- **The problem**: Only the pictures are to be left out; write out the rest of the data exactly.

- **Data segment**:
= = = = = = =
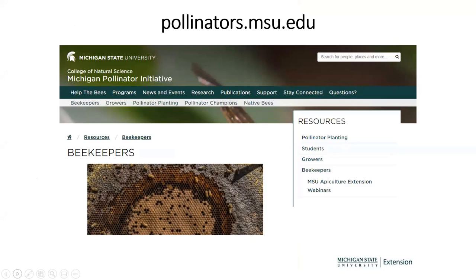We wanted to introduce you to our website. We have a lot of information for beekeepers and others interested in planting for bees at pollinators.msu.edu — that's the Michigan State University Pollinator Initiative. If you want more information about the webinars we've been doing, they're under the beekeepers tab. We've already posted a lot of links that we'll be mentioning in this presentation on that page.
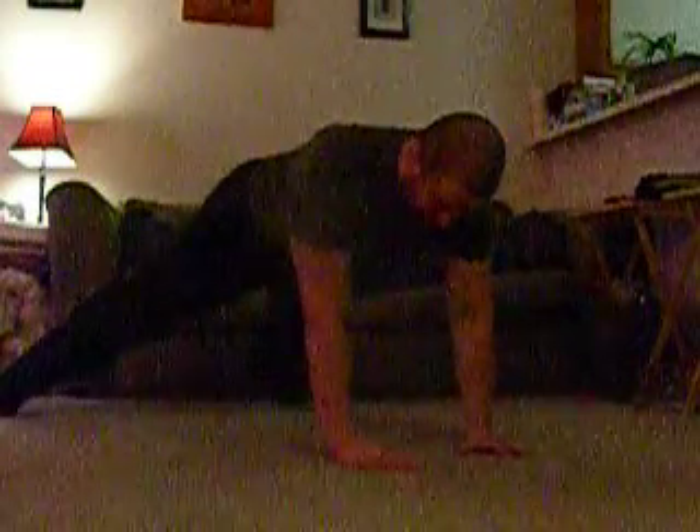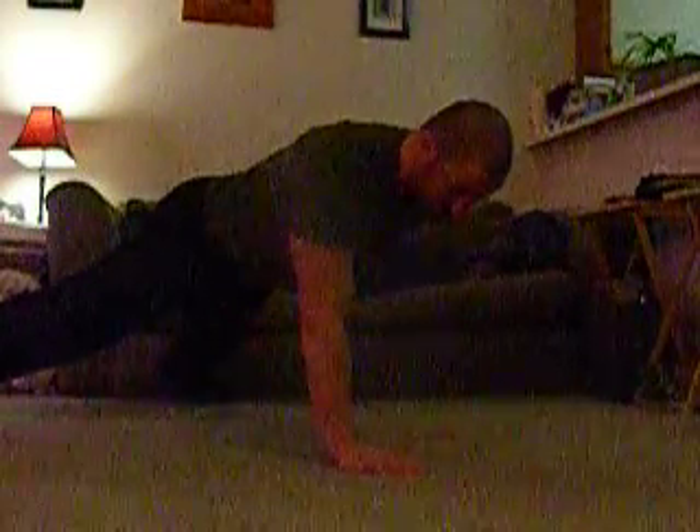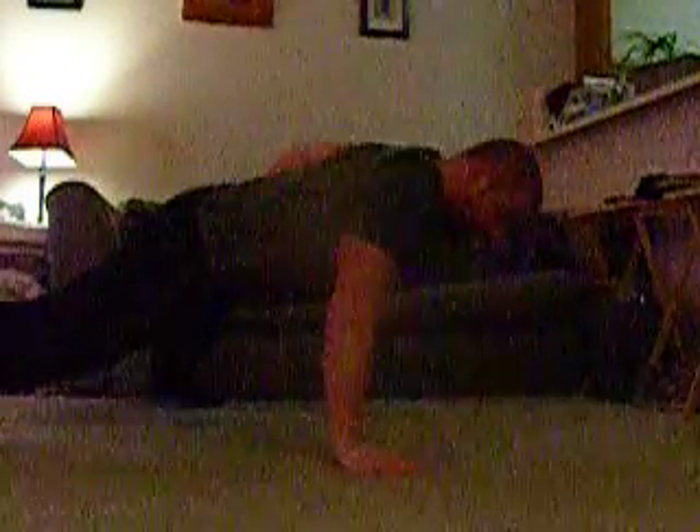I can also take the same movement and put it into a one-arm push-up. I'm in my normal one-arm push-up position, go down, over onto the forearm, and back up.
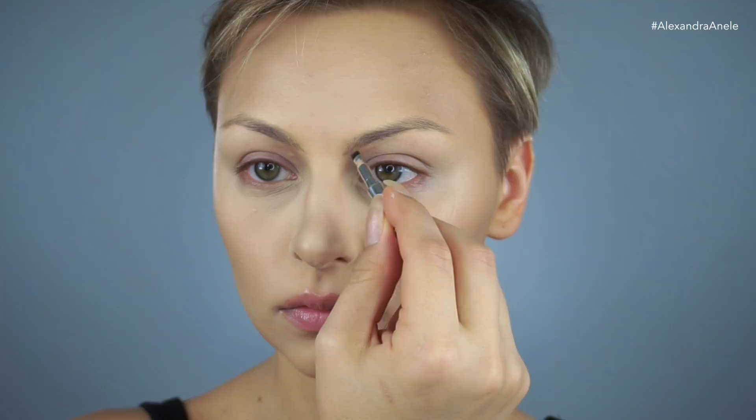For my brows, I'm using Benefit Ka-Brow in number two. Her brows were intense, so I'm bringing my brows in a lot closer. And I'm creating more of a gradual arch, thickening them as they get farther out to the ends.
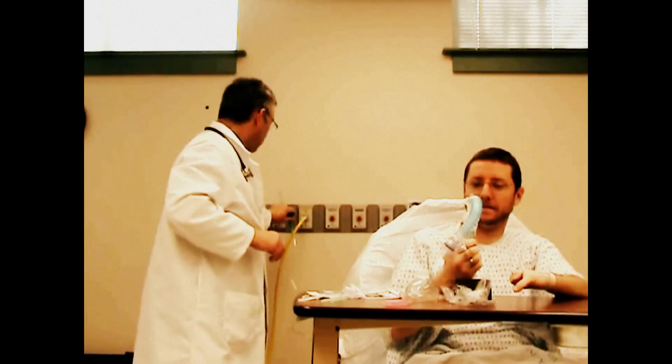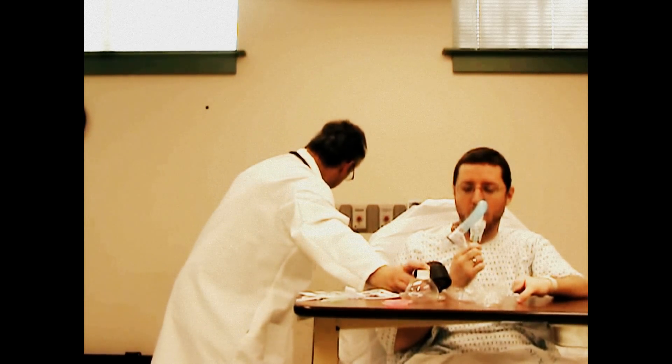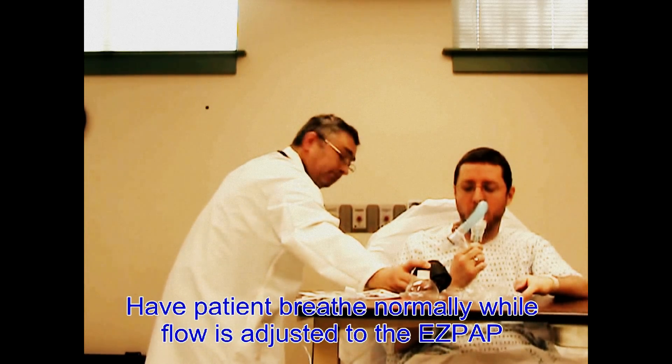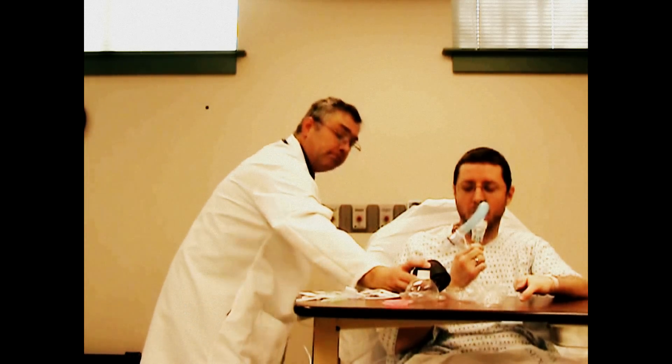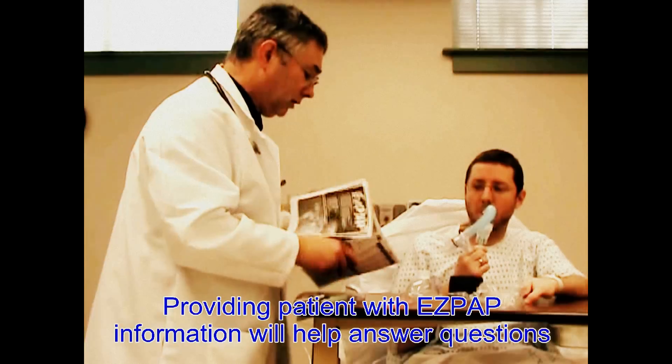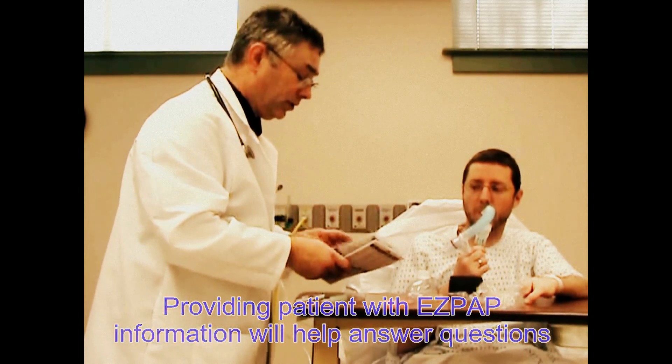As soon as I turn it on. I'm going to start turning up the pressure that you'll feel. I'm giving you about five pressure. This little pamphlet here will explain a little bit how this works in the event we send you home with it.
= = = = = = =
- **Response**:
We wanted to introduce you to our website. We have a lot of information for beekeepers and others interested in planting for bees at pollinators.msu.edu — that's the Michigan State University Pollinator Initiative. If you want more information about the webinars we've been doing, they're under the beekeepers tab. We've already posted a lot of links that we'll be mentioning in this presentation on that page.
I can also take the same movement and put it into a one-arm push-up. I'm in my normal one-arm push-up position, go down, over onto the forearm, and back up.
For my brows, I'm using Benefit Ka-Brow in number two. Her brows were intense, so I'm bringing my brows in a lot closer. And I'm creating more of a gradual arch, thickening them as they get farther out to the ends.
As soon as I turn it on. I'm going to start turning up the pressure that you'll feel. I'm giving you about five pressure. This little pamphlet here will explain a little bit how this works in the event we send you home with it.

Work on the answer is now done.